The banking body’s 2023 Half Year Fraud Update noted that although the headline figure for fraud losses fell 2% year-on-year (YoY), a worrying volume of incidents are bypassing banks’ fraud filters.
APP fraud is a classic example: it refers to any incident where a scammer posing as a trusted entity tricks the victim into transferring money to a bank account under their control.
It accounted for nearly half (£239m) of total fraud losses in H1 2023, up 27% on the same period in 2020. Case volumes surged 22% YoY.
The main driver for APP fraud was purchase scams, where people pay for goods that never materialize. Cases surged 43% YoY while losses increased 31% YoY to £41m. They now account for 66% of all APP fraud cases, but only 17% of losses given that they tend to be relatively low-value scams.
At the other end of the spectrum is high-value investment fraud, which now accounts for nearly a quarter of all APP losses (£57m).
“A common factor behind all these scams is the criminals’ use of online platforms, mobile phone networks and social media to target their victims and trick them into making payments. This includes fraudulent advertising on search engines, fake websites, and posts on social media,” the report noted .
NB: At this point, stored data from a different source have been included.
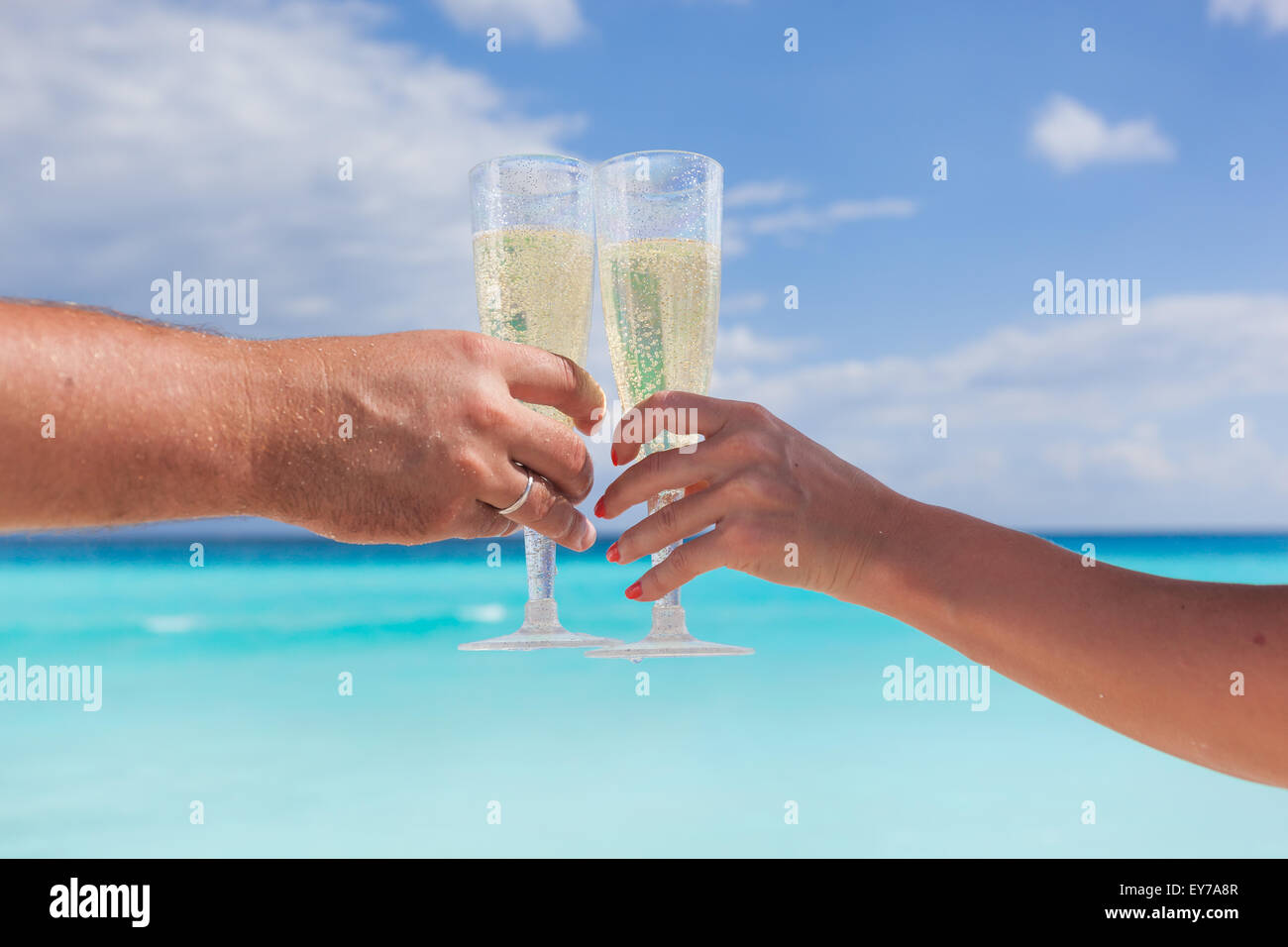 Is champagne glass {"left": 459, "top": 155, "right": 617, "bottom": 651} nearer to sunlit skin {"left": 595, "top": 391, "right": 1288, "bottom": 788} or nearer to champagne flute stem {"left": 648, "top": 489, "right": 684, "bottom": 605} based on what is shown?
champagne flute stem {"left": 648, "top": 489, "right": 684, "bottom": 605}

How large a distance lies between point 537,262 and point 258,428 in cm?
78

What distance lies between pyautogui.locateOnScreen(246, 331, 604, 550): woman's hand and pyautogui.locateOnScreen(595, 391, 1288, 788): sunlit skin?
0.29 m

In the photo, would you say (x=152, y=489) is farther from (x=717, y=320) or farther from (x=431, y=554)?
(x=431, y=554)

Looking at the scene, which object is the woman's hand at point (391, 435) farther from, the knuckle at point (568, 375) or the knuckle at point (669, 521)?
the knuckle at point (669, 521)

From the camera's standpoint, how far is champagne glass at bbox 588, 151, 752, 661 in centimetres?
227

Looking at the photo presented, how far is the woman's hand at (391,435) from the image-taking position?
1848 mm

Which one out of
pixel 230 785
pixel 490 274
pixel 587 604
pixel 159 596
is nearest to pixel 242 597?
pixel 159 596

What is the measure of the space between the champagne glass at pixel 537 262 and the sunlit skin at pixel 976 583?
0.27 m

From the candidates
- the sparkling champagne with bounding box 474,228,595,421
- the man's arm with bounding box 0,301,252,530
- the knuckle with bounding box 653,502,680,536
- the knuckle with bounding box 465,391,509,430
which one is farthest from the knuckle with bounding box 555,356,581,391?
the man's arm with bounding box 0,301,252,530

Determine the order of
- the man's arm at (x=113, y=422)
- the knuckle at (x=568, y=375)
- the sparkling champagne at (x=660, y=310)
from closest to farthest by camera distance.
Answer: the man's arm at (x=113, y=422)
the knuckle at (x=568, y=375)
the sparkling champagne at (x=660, y=310)

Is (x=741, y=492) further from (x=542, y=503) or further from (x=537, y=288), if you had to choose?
(x=537, y=288)

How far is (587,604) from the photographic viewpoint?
1972 cm

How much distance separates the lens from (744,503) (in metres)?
2.05

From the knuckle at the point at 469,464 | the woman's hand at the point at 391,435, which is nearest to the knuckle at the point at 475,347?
the woman's hand at the point at 391,435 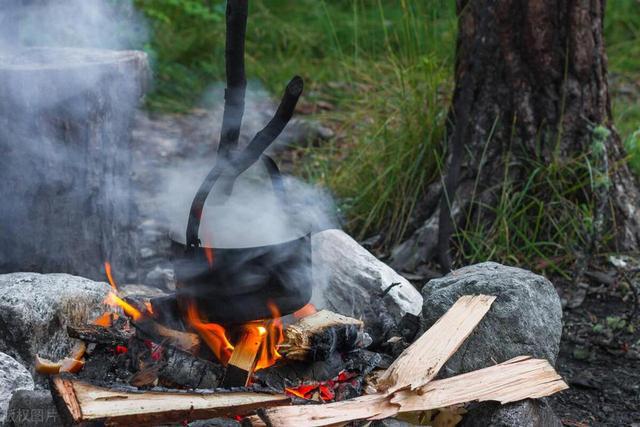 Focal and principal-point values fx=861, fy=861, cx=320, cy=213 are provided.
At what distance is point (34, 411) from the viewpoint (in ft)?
7.75

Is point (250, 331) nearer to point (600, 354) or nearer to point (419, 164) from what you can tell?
point (600, 354)

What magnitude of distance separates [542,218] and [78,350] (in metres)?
2.38

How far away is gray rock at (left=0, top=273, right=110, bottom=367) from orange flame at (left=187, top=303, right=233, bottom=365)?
45 centimetres

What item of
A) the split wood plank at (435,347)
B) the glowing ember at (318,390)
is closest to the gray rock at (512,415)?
the split wood plank at (435,347)

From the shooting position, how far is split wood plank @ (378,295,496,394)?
2564 millimetres

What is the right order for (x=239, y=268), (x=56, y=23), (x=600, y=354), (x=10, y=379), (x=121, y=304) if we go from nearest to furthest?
(x=10, y=379) → (x=239, y=268) → (x=121, y=304) → (x=600, y=354) → (x=56, y=23)

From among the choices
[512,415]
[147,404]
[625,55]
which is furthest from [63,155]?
[625,55]

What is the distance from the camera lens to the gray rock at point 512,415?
97.3 inches

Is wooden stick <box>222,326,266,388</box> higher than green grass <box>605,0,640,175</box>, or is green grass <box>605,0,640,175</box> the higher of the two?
wooden stick <box>222,326,266,388</box>

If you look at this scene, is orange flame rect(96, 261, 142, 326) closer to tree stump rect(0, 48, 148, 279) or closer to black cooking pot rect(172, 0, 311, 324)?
black cooking pot rect(172, 0, 311, 324)

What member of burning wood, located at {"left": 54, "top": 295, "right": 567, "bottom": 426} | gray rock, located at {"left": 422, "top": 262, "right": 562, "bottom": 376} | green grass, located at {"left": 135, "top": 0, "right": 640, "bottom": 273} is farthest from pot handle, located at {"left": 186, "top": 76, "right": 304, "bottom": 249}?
green grass, located at {"left": 135, "top": 0, "right": 640, "bottom": 273}

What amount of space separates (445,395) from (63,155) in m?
1.85

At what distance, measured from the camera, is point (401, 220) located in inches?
175

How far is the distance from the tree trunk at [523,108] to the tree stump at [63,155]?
1482 millimetres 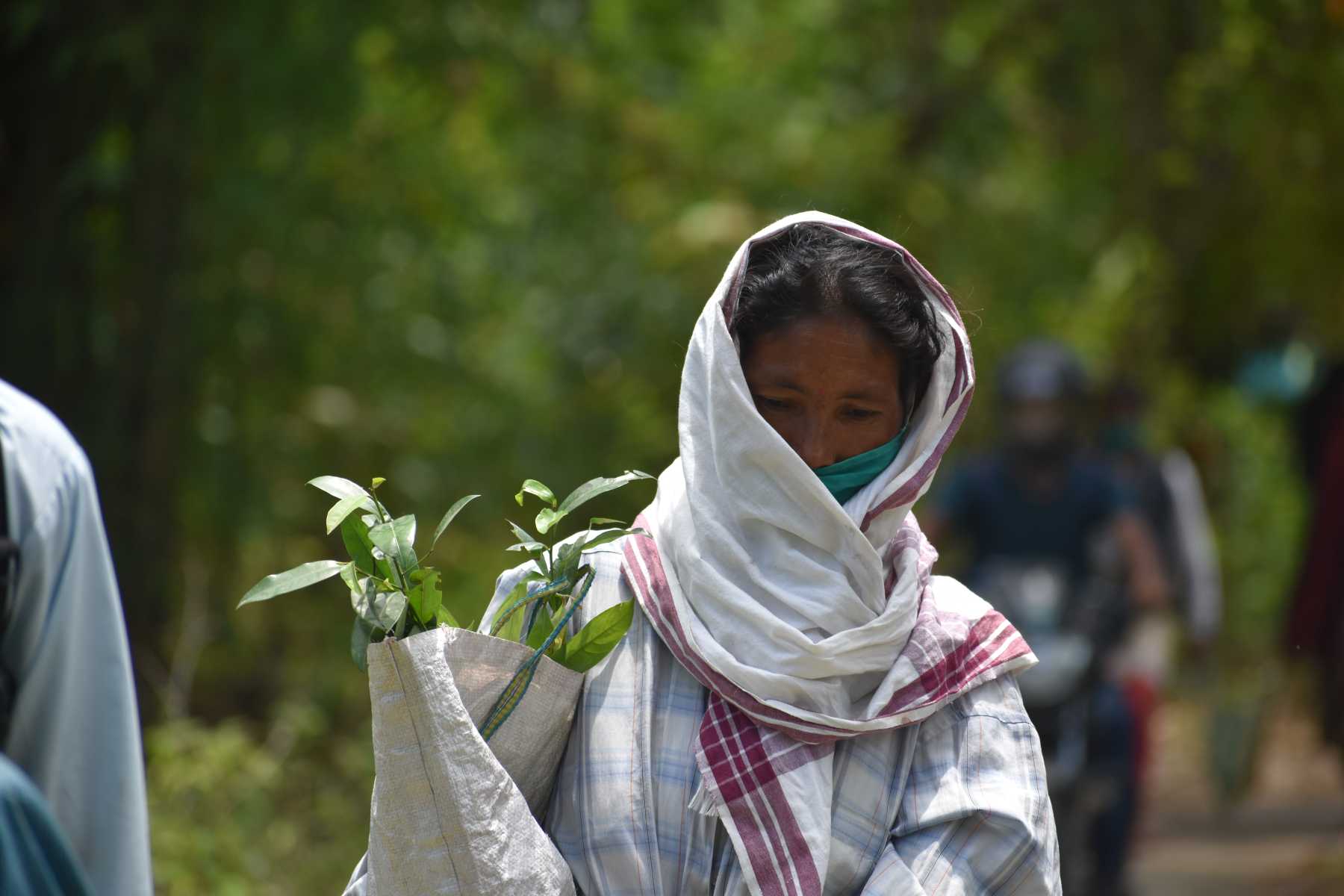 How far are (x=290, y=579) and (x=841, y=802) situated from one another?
0.67m

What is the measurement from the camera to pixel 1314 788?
9508 mm

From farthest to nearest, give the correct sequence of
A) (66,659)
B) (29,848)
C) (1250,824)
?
1. (1250,824)
2. (66,659)
3. (29,848)

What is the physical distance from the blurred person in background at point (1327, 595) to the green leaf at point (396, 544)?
5.75 m

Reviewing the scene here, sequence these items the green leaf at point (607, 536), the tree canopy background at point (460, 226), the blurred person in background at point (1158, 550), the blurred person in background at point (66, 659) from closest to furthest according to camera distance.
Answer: the green leaf at point (607, 536) < the blurred person in background at point (66, 659) < the tree canopy background at point (460, 226) < the blurred person in background at point (1158, 550)

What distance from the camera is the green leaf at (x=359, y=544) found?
71.4 inches

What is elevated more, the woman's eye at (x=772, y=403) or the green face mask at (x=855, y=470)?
the woman's eye at (x=772, y=403)

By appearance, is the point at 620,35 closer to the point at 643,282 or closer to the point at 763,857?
the point at 643,282

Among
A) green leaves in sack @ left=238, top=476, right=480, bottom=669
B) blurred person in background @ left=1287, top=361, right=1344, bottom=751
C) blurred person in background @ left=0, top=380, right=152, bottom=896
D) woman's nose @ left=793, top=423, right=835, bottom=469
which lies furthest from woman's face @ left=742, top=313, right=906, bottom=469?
blurred person in background @ left=1287, top=361, right=1344, bottom=751

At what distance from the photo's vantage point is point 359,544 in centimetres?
182

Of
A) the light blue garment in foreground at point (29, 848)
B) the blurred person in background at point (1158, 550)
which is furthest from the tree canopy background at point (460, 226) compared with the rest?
the light blue garment in foreground at point (29, 848)

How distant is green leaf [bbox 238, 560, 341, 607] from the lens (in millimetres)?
1721

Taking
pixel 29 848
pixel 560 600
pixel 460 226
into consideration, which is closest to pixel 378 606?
pixel 560 600

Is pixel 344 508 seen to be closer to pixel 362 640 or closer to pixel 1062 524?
pixel 362 640

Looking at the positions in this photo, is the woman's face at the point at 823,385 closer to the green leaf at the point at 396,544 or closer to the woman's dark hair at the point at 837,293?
the woman's dark hair at the point at 837,293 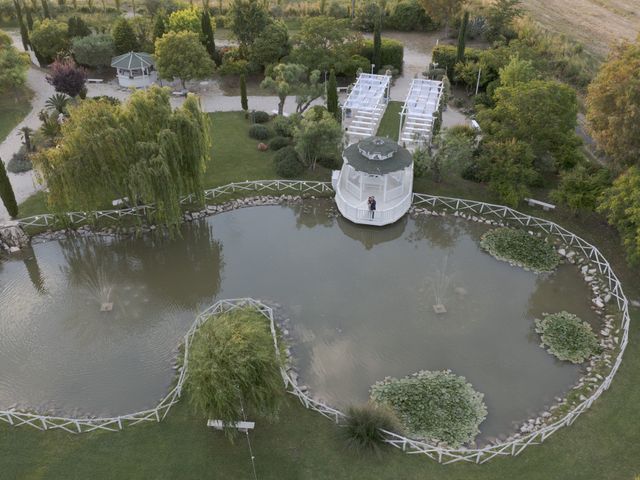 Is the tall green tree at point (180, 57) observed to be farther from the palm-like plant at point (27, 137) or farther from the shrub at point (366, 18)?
the shrub at point (366, 18)

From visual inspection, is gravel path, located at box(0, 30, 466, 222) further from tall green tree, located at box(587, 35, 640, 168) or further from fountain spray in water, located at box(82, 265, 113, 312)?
tall green tree, located at box(587, 35, 640, 168)

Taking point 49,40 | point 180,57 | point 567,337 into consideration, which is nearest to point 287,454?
point 567,337

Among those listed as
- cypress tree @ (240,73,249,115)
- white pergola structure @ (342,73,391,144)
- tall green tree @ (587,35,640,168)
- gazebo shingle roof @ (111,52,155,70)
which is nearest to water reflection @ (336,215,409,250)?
white pergola structure @ (342,73,391,144)

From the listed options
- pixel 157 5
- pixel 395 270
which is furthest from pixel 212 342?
pixel 157 5

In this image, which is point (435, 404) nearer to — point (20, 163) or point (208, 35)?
point (20, 163)

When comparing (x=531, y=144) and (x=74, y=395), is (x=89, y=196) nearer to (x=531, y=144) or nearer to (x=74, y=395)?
(x=74, y=395)

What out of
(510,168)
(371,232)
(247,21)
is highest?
(247,21)

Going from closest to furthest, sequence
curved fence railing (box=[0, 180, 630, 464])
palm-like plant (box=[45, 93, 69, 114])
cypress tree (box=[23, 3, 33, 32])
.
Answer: curved fence railing (box=[0, 180, 630, 464])
palm-like plant (box=[45, 93, 69, 114])
cypress tree (box=[23, 3, 33, 32]) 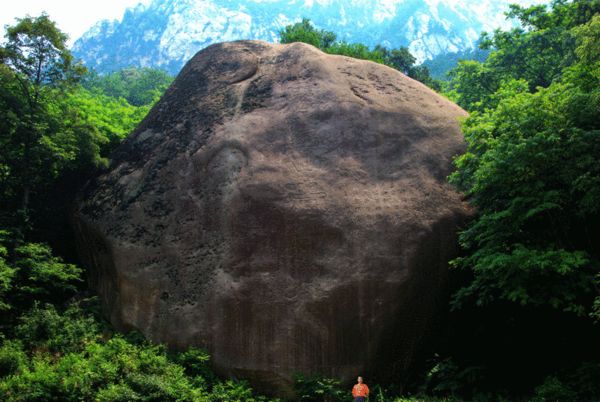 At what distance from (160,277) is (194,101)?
15.4ft

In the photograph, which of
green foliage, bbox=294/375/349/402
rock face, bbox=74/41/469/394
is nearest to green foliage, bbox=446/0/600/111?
rock face, bbox=74/41/469/394

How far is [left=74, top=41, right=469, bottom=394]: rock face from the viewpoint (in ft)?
34.3

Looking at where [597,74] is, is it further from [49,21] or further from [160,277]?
[49,21]

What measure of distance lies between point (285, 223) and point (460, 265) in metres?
3.86

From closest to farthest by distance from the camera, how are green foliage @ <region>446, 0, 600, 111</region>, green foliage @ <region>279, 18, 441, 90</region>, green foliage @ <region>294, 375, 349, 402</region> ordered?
green foliage @ <region>294, 375, 349, 402</region> → green foliage @ <region>446, 0, 600, 111</region> → green foliage @ <region>279, 18, 441, 90</region>

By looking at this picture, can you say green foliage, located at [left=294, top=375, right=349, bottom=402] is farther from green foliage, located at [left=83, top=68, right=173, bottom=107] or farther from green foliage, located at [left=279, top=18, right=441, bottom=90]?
green foliage, located at [left=83, top=68, right=173, bottom=107]

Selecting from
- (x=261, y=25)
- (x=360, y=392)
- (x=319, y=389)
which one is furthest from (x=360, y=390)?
(x=261, y=25)

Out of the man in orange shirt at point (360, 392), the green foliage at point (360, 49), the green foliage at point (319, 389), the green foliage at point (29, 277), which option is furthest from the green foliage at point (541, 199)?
the green foliage at point (360, 49)

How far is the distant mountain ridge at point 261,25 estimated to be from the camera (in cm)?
14512

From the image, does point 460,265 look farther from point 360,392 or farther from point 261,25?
point 261,25

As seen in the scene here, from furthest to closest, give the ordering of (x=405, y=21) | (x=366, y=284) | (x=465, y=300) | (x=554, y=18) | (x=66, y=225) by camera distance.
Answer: (x=405, y=21) < (x=554, y=18) < (x=66, y=225) < (x=465, y=300) < (x=366, y=284)

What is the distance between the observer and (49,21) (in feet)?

“UK Finance has begun collecting and collating data on the origination of APP fraud which shows that 77% of all APP scams during 2023 originated on an online platform of some description. This demonstrates the scale of fraud initiated outside of banks controls.”
However, there are things banks can do to help mitigate APP fraud risk, such as Confirmation of Payee (CoP) checks which alert customers setting up new payments if the payee bank details and name don’t match or aren’t recorded.
Emma Lovell, CEO of non-profit industry body the Lending Standards Board , argued that all sectors including tech and social media providers should play their part in fighting fraud.
“The Contingent Reimbursement Model Code (CRM Code) exists to ensure signatory firms safeguard their customers with procedures to detect, prevent, and respond to APP scams. Prioritizing prevention and detection in the battle against APP fraud has never been more pressing,” she added.
“The industry should rally behind the need to retain the safeguards delivered by the CRM Code beyond reimbursement alone. Upholding an industry code will ensure that firms maintain their commitment to the consistent implementation of measures to prevent fraudulent activities at the forefront.”